--- DATA TO PROCESS ---
═══
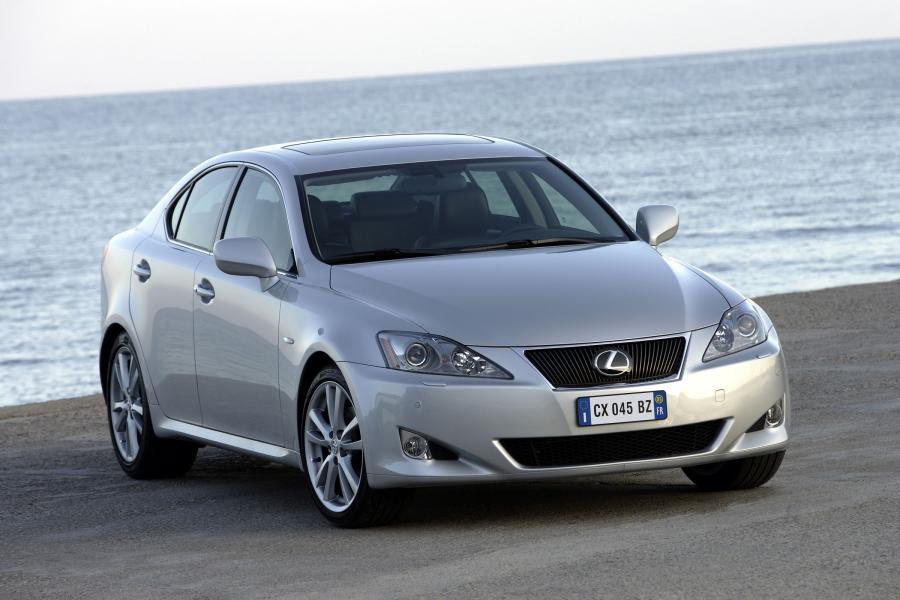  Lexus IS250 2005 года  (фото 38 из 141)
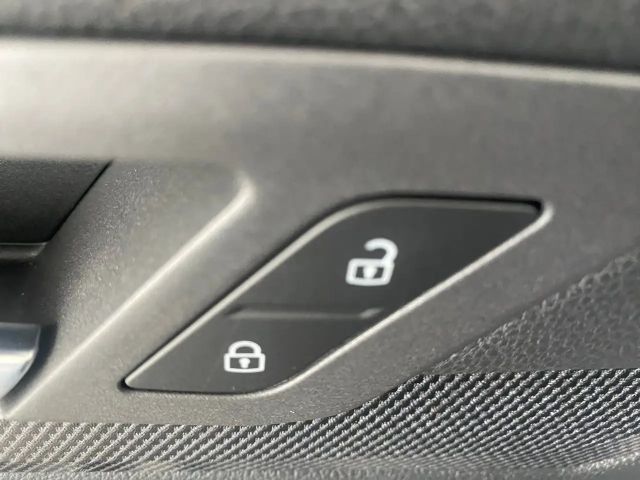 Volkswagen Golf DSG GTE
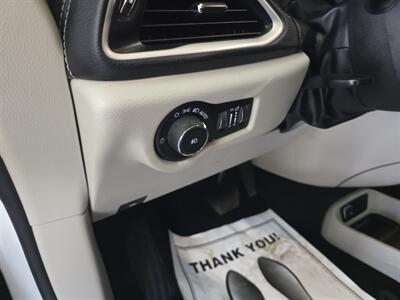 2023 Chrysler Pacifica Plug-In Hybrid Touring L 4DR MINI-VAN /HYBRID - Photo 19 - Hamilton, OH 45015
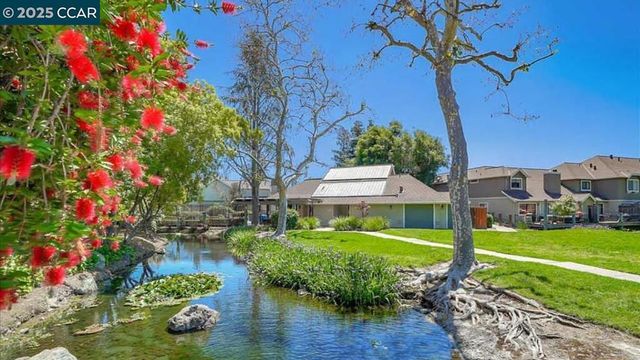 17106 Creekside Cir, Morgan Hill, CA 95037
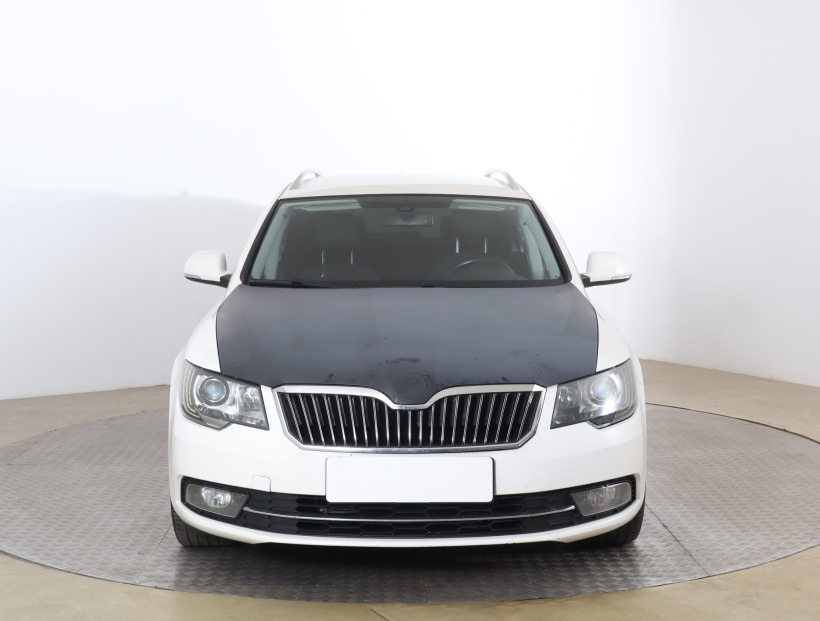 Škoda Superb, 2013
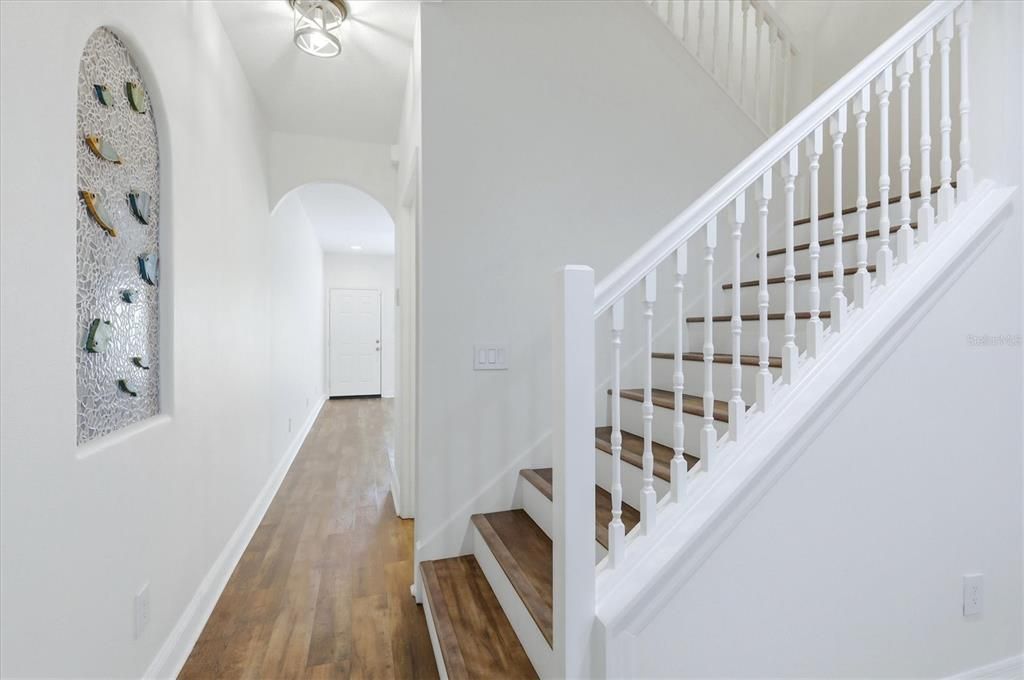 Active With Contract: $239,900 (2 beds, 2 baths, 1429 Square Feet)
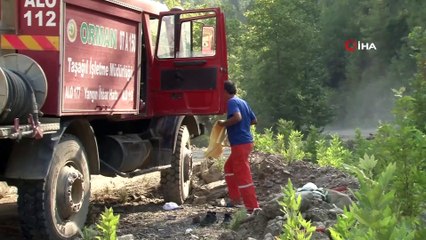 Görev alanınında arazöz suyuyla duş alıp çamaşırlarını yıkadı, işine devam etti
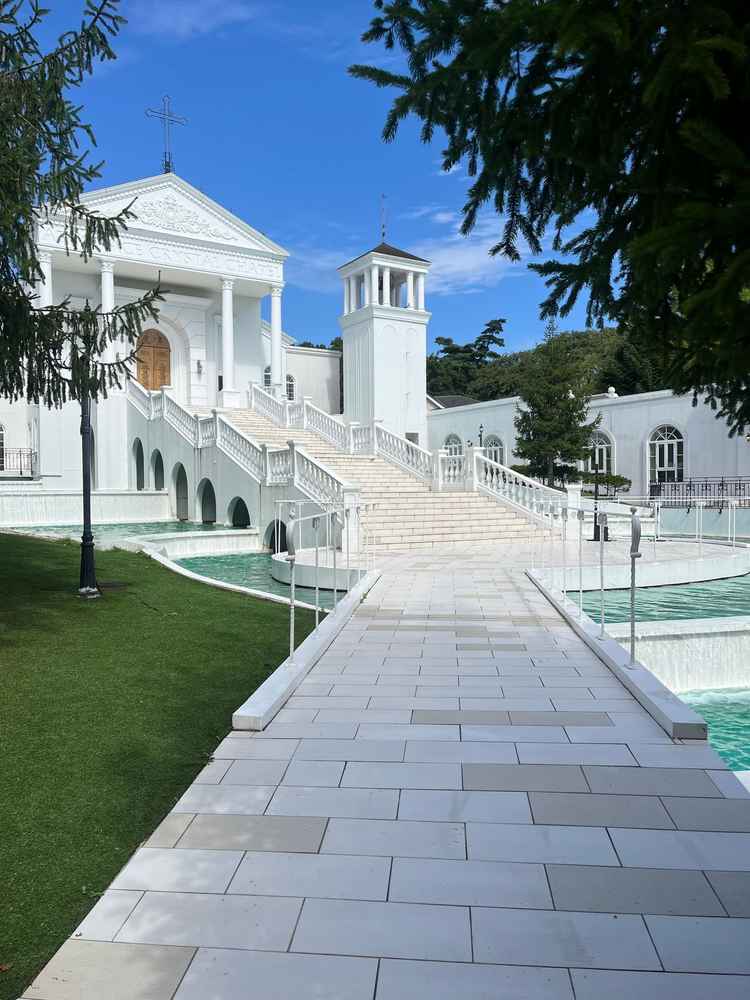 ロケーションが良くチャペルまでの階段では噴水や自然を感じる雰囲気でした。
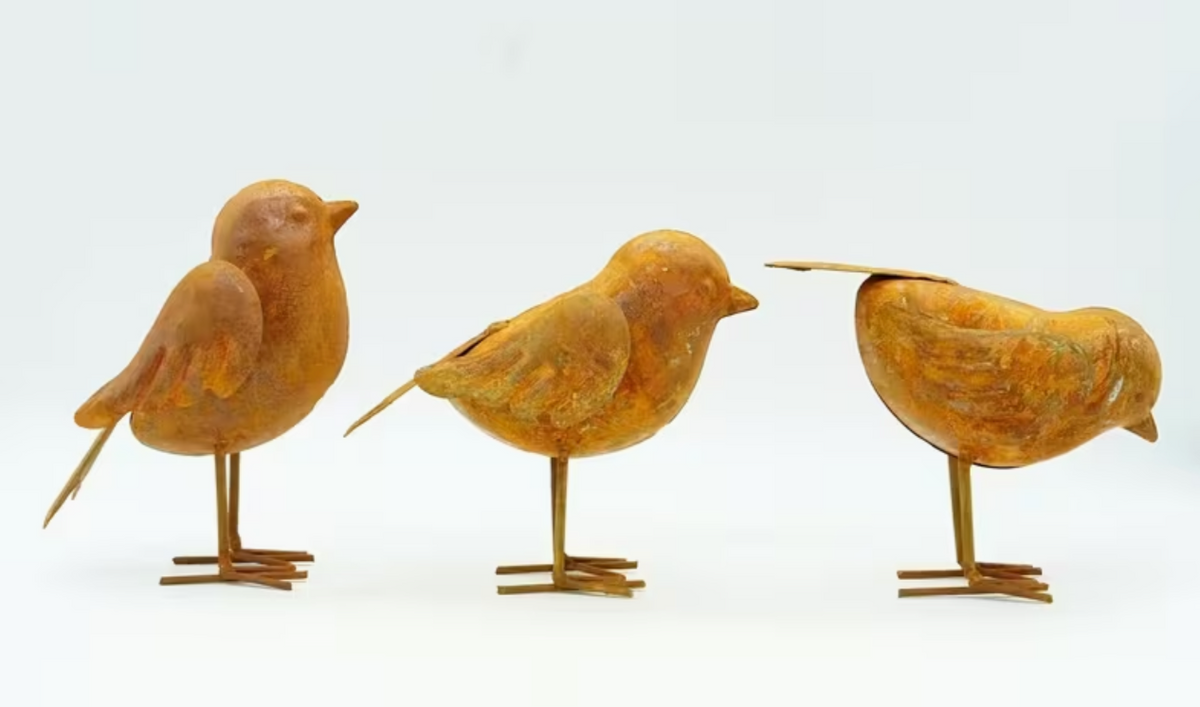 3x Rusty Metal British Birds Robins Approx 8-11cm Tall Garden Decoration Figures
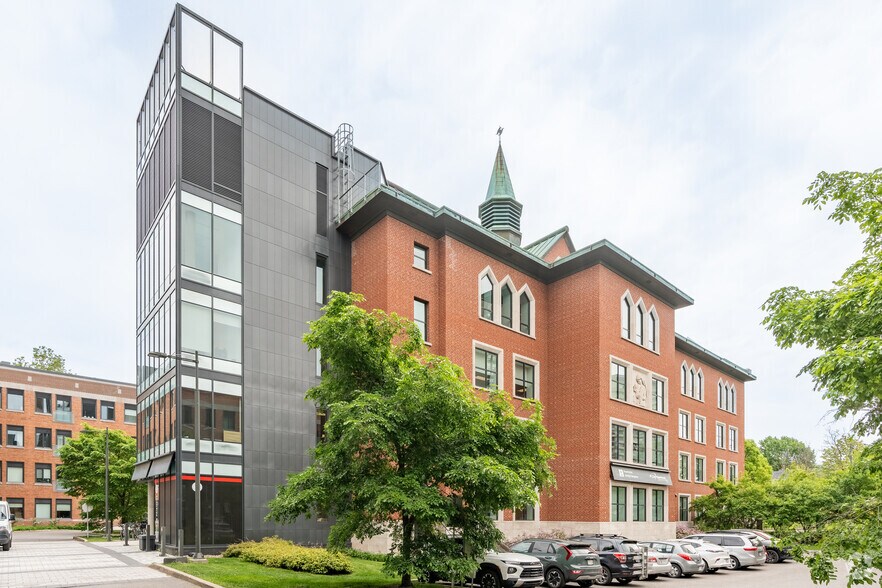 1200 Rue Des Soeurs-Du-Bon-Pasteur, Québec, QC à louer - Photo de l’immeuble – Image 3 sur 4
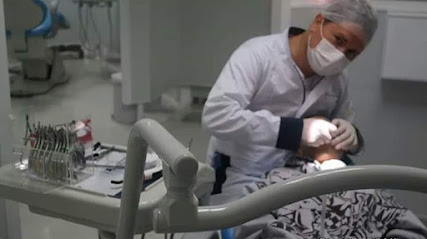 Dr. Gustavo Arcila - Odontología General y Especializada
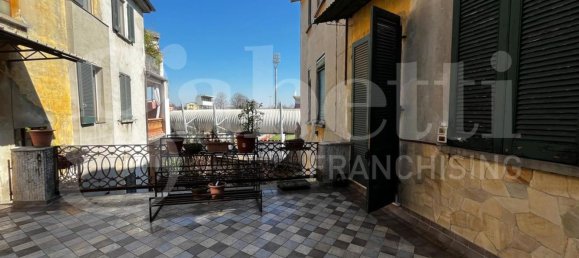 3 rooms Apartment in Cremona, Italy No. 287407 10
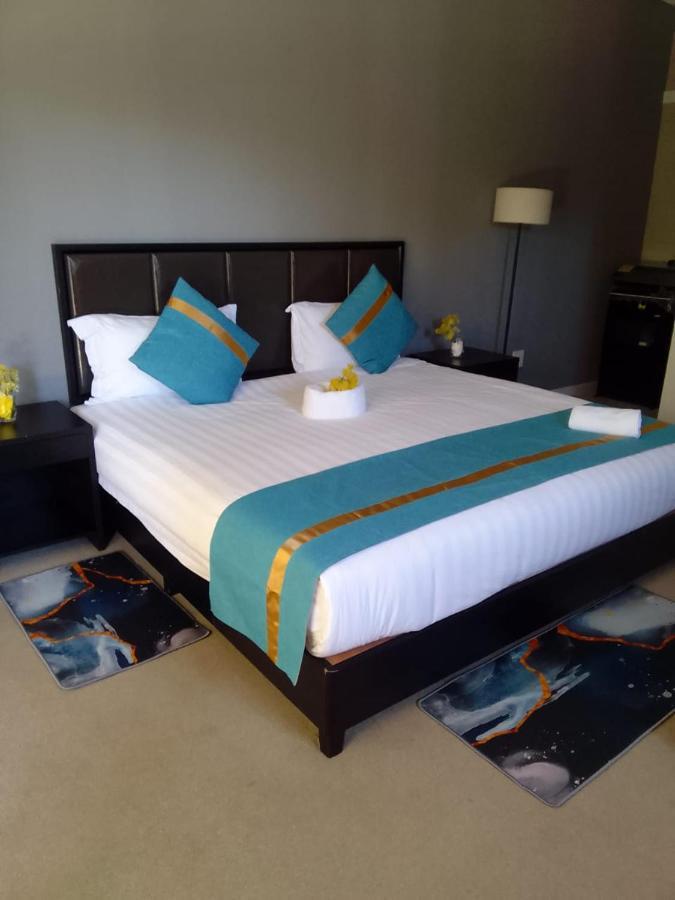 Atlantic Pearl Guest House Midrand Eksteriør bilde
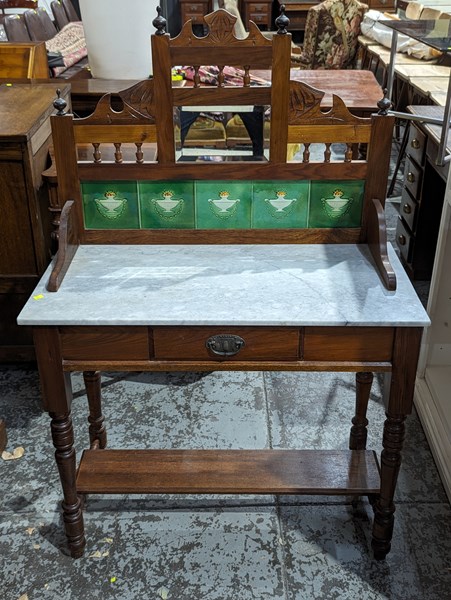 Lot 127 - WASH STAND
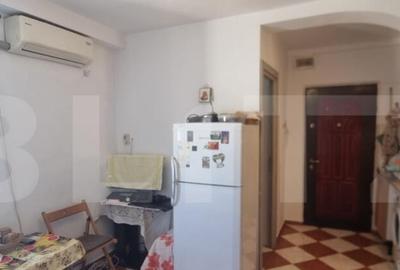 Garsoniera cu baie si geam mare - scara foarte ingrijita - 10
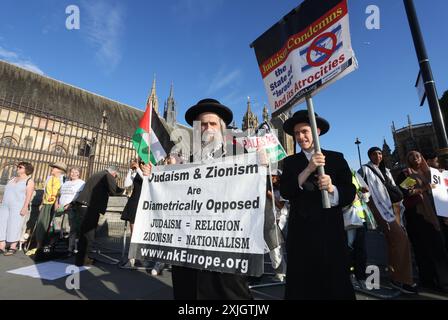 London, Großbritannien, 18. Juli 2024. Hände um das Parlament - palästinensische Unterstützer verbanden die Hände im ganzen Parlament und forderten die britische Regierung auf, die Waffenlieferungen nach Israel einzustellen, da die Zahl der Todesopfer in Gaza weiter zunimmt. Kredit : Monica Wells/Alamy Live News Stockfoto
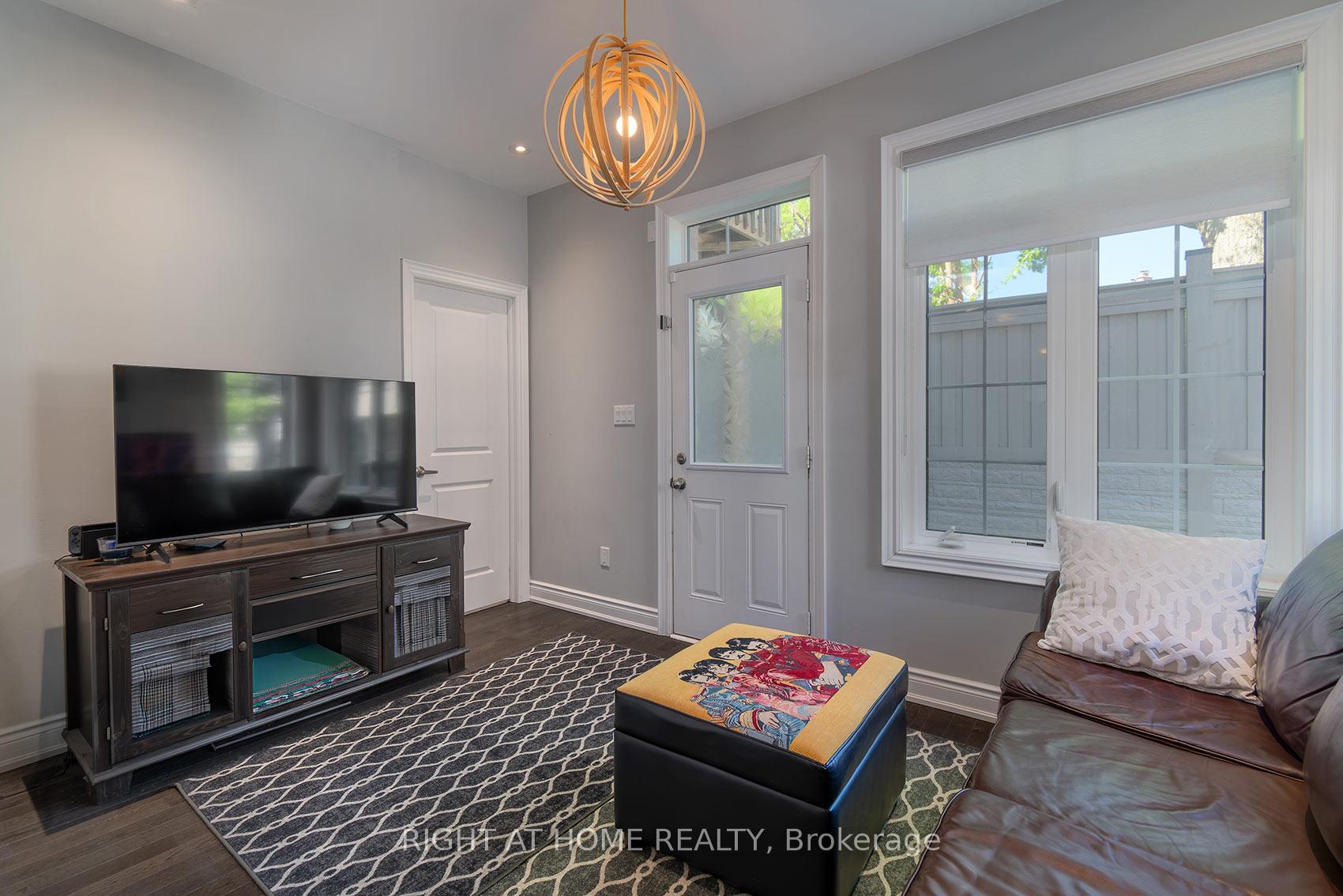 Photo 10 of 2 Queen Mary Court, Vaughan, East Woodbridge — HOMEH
═══
Could you transcribe the records above exactly, leaving out any pictures?

  Lexus IS250 2005 года  (фото 38 из 141)
 Volkswagen Golf DSG GTE
 2023 Chrysler Pacifica Plug-In Hybrid Touring L 4DR MINI-VAN /HYBRID - Photo 19 - Hamilton, OH 45015
 17106 Creekside Cir, Morgan Hill, CA 95037
 Škoda Superb, 2013
 Active With Contract: $239,900 (2 beds, 2 baths, 1429 Square Feet)
 Görev alanınında arazöz suyuyla duş alıp çamaşırlarını yıkadı, işine devam etti
 ロケーションが良くチャペルまでの階段では噴水や自然を感じる雰囲気でした。
 3x Rusty Metal British Birds Robins Approx 8-11cm Tall Garden Decoration Figures
 1200 Rue Des Soeurs-Du-Bon-Pasteur, Québec, QC à louer - Photo de l’immeuble – Image 3 sur 4
 Dr. Gustavo Arcila - Odontología General y Especializada
 3 rooms Apartment in Cremona, Italy No. 287407 10
 Atlantic Pearl Guest House Midrand Eksteriør bilde
 Lot 127 - WASH STAND
 Garsoniera cu baie si geam mare - scara foarte ingrijita - 10
 London, Großbritannien, 18. Juli 2024. Hände um das Parlament - palästinensische Unterstützer verbanden die Hände im ganzen Parlament und forderten die britische Regierung auf, die Waffenlieferungen nach Israel einzustellen, da die Zahl der Todesopfer in Gaza weiter zunimmt. Kredit : Monica Wells/Alamy Live News Stockfoto
 Photo 10 of 2 Queen Mary Court, Vaughan, East Woodbridge — HOMEH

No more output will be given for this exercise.